GIVEN RECORDS:
========================================================================

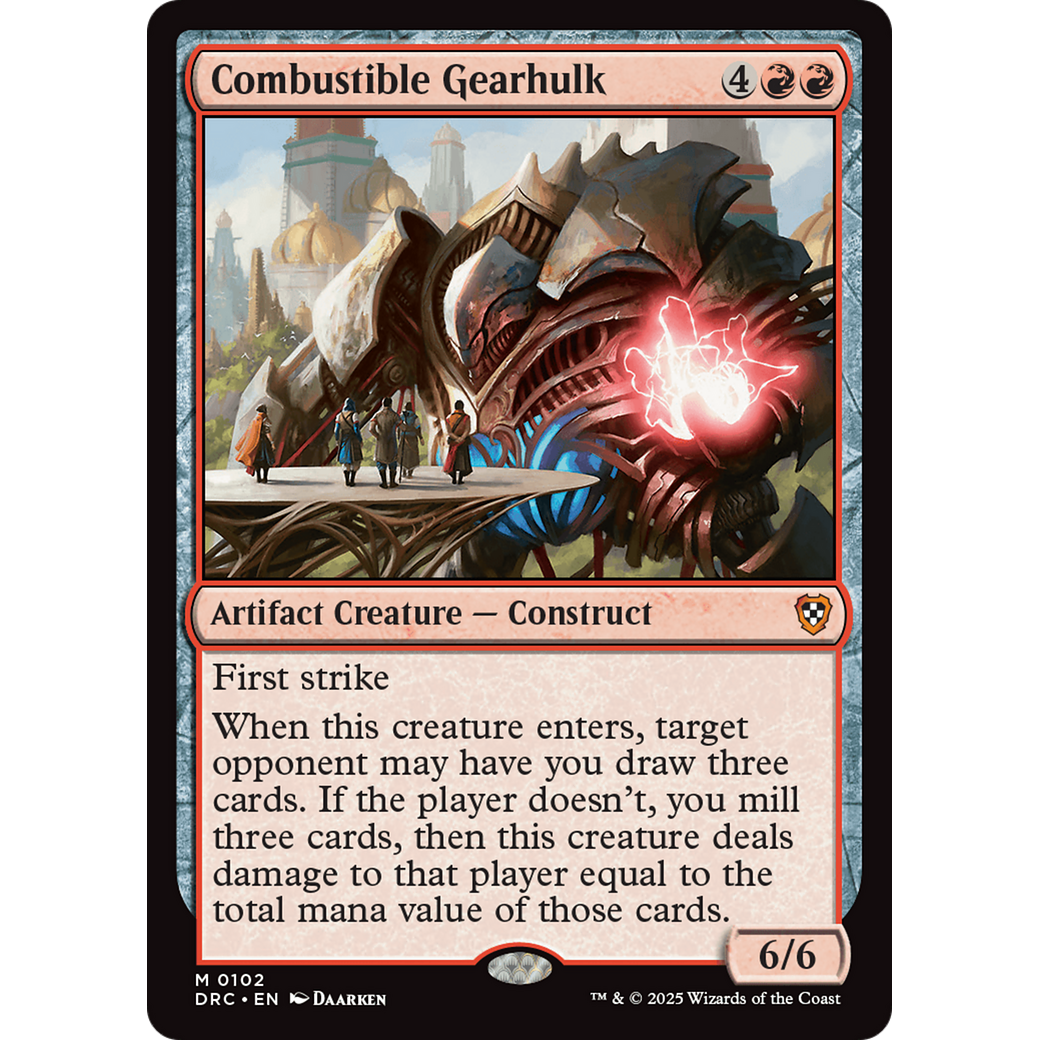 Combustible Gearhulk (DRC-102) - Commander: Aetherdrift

========================================================================

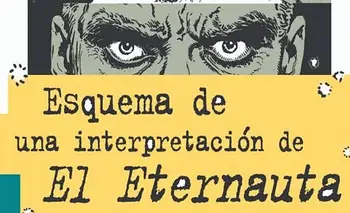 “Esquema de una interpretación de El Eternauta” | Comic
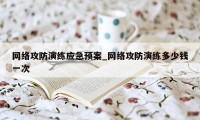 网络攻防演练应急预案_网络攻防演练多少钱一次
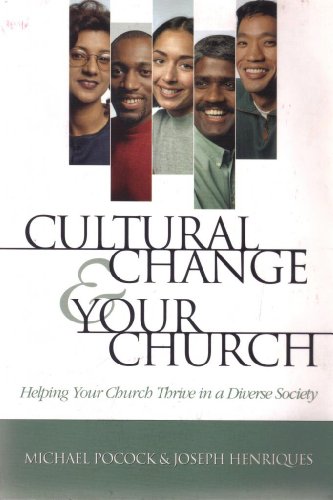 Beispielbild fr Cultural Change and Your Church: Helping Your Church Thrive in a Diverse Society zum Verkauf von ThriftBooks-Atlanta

========================================================================

WHAT YOU ARE ASKED TO DO: Among the entries above, take the line with "网络攻防演练应急预案_网络攻防演练多少钱一次", the line with "Beispielbild fr Cultural", and all the lines between them, and restate them word for word without pictures.

YOUR SOLUTION:
 网络攻防演练应急预案_网络攻防演练多少钱一次
 Beispielbild fr Cultural Change and Your Church: Helping Your Church Thrive in a Diverse Society zum Verkauf von ThriftBooks-Atlanta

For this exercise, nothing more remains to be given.